I have saved until last the most intriguing of them all: Pharaoh’s daughter. It was she who had the courage to rescue an Israelite child and bring him up as her own in the very palace where her father was plotting the destruction of the Israelite people. Could we imagine a daughter of Hitler, or Eichmann, or Stalin, doing the same? There is something at once heroic and gracious about this lightly sketched figure, the woman who gave Moses his name.
Who was she? The Torah does not mention her name. However the First Book of Chronicles (4:18) references a daughter of Pharaoh, named Bitya, and it was she whom the Sages identified as the woman who saved Moses. The name Bitya (sometimes rendered as Batya) means “the daughter of G-d.” From this, the Sages drew one of their most striking lessons:
The Holy One, blessed be He, said to her: “Moses was not your son, yet you called him your son. You are not My daughter, but I shall call you My daughter.” (Vayikra Rabbah 1:3)
They added that she was one of the few people (tradition enumerates nine) who were so righteous that they entered paradise in their lifetime.
So, on the surface, the parsha of Shemot is about the initiation into leadership of one remarkable man, but just beneath the surface is a counter-narrative of six extraordinary women without whom there would not have been a Moses. They belong to a long tradition of strong women throughout Jewish history, from Deborah, Hannah, Ruth and Esther in the Bible to more modern religious figures like Sarah Schenirer and Nechama Leibowitz to more secular figures like Anne Frank, Hannah Senesh and Golda Meir.
How then, if women emerge so powerfully as leaders, were they excluded in Jewish law from certain leadership roles? If we look carefully we will see that women were historically excluded from two areas. One was the “crown of priesthood,” which went to Aaron and his sons. The other was the “crown of kingship,” which went to David and his sons. These were two roles built on the principle of dynastic succession. From the third crown – the “crown of Torah” – however, women were not excluded. There were prophetesses, not just prophets. The Sages enumerated seven of them (Megillah 14a). There have been great women Torah scholars always, from the Mishnaic period (Beruriah, Ima Shalom) until today.
At stake is a more general distinction. Rabbi Eliyahu Bakshi-Doron in his Responsa, Binyan Av, differentiates between formal or official authority (samchut) and actual leadership (hanhagah). There are figures who hold positions of authority – prime ministers, presidents, CEOs – who may not be leaders at all. They may have the power to force people to do what they say, but they have no followers. They excite no admiration. They inspire no emulation. And there may be leaders who hold no official position at all but who are turned to for advice and are held up as role models. They have no power but great influence. Israel’s prophets belonged to this category. So, often, did the gedolei Yisrael, the great Sages of each generation. Neither Rashi nor Rambam held any official position (some scholars say that Rambam was chief rabbi of Egypt but most hold that he was not, though his descendants were). Wherever leadership depends on personal qualities – what Max Weber called “charismatic authority” – and not on office or title, there is no distinction between women and men.

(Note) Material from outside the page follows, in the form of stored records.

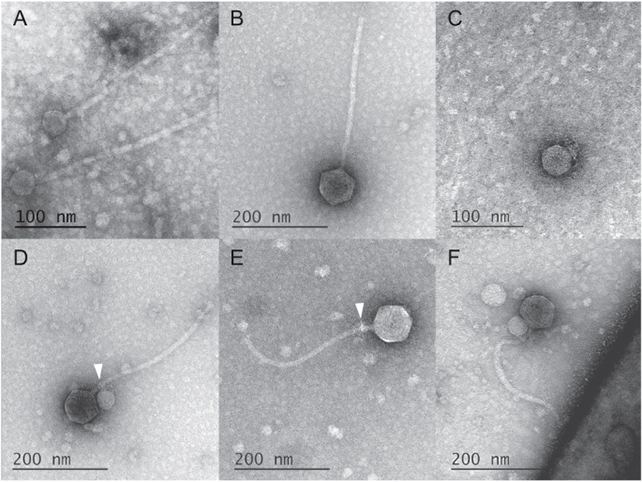transmitting electron micrograph images of viruses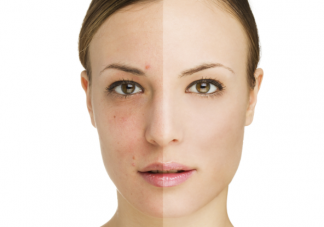 臉上長黃褐斑是皮膚早衰了嗎 黃褐斑的正規(guī)治療方法是什么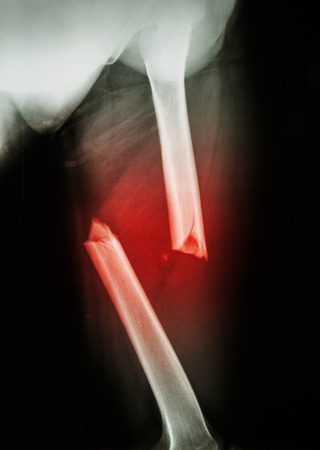 Film X-ray Left femur(left thigh) show complete fracture shaft of femur and displaceの写真素材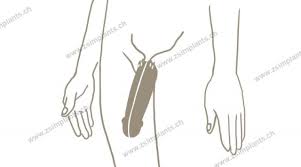 The phalloplasty is a common surgical choice for transgender and nonbinary people interested in gender confirmation surgery. La Faloplastia Resumida Zephyr Surgical Implants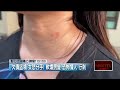 地方治安與詐欺貪瀆案件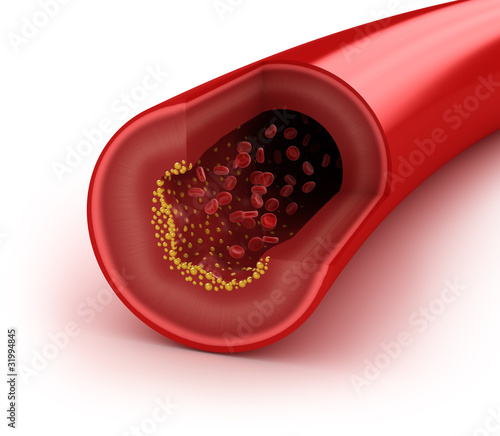 Canvas Print Cholesterol plaque in artery, concept isolated on white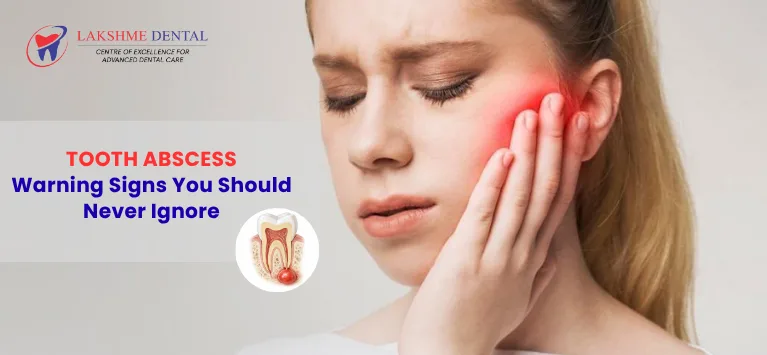 Tooth-Abscess-Warning-Signs-You-Should-Never-Ignore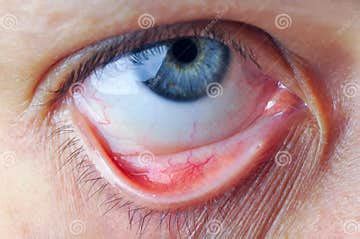Eye and conjunctival sac stock image. Image of conjunctiva - 159927407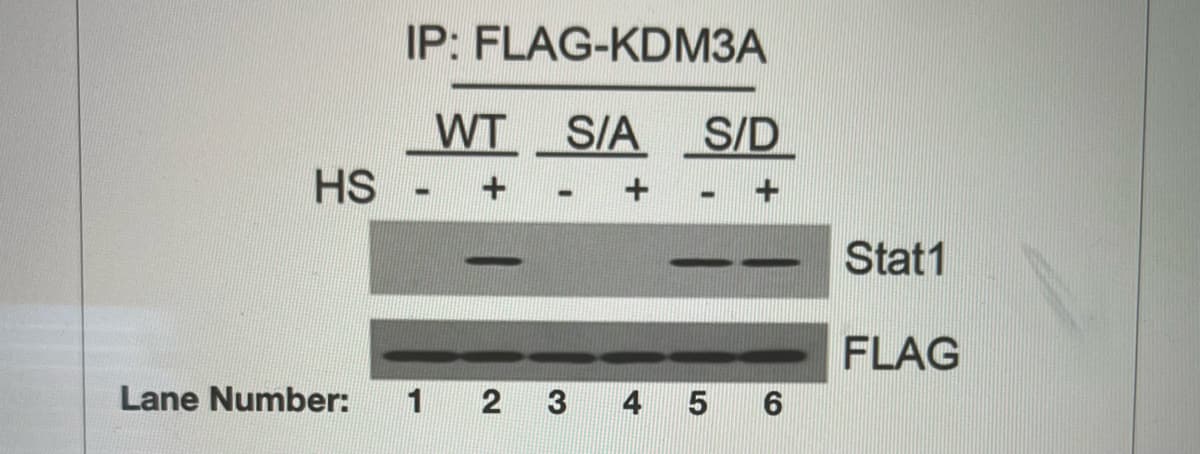 IP: FLAG-KDM3A
WT
HS
SIA
S/D
Stat1
FLAG
Lane Number:
2
4
5 6
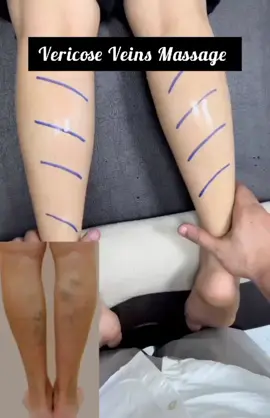 Varicose veins massage   #yogawiththb #varicoseveintreatment #PainRelief #veins #varicose 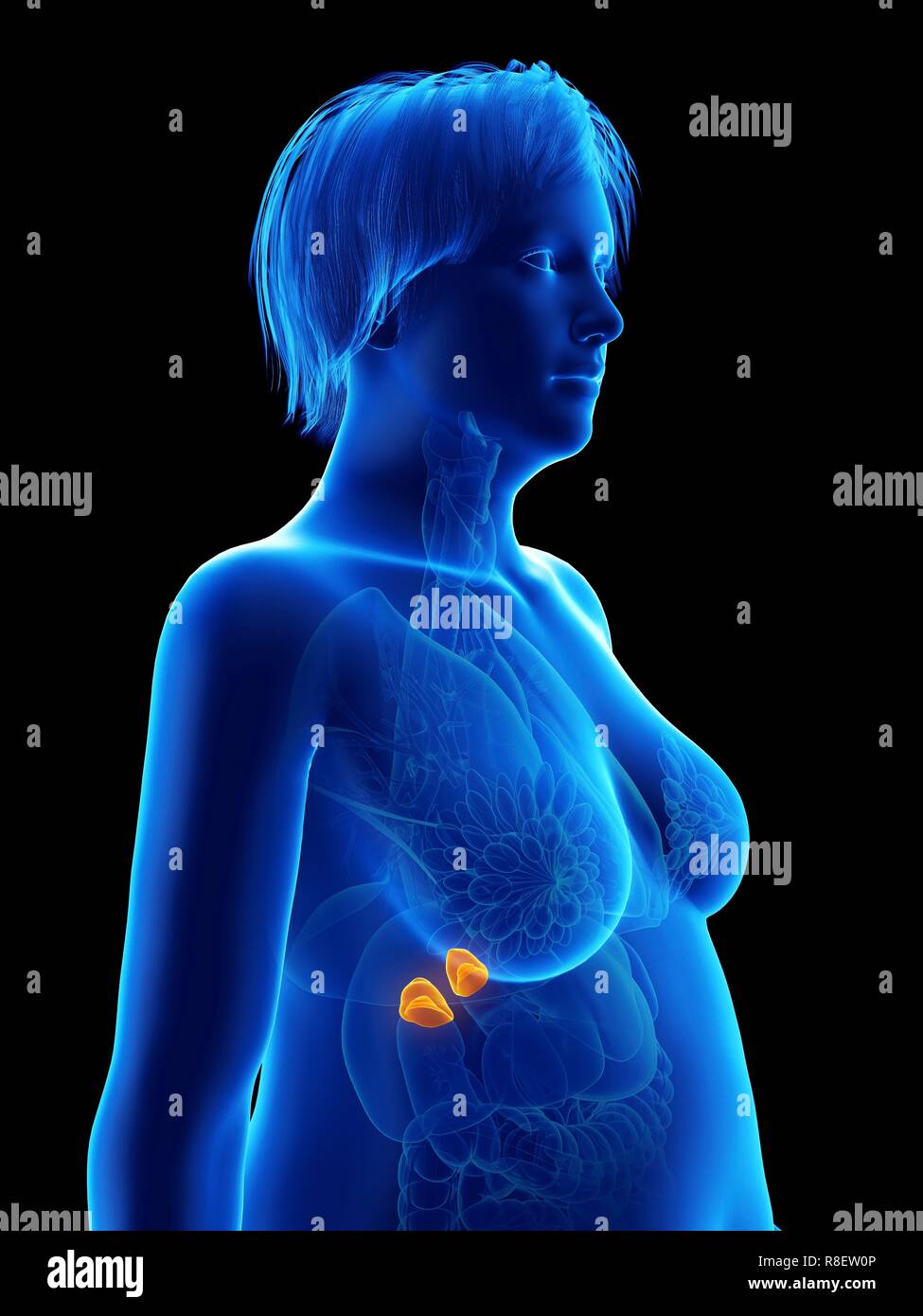 Illustrazione di una donna obesa di ghiandole surrenali. Foto Stock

Yocheved, Miriam, Shifra, Puah, Tzipporah and Batya were leaders not because of any official position they held (in the case of Batya she was a leader despite her official title as a princess of Egypt). They were leaders because they had courage and conscience. They refused to be intimidated by power or defeated by circumstance. They were the real heroes of the Exodus. Their courage is still a source of inspiration today.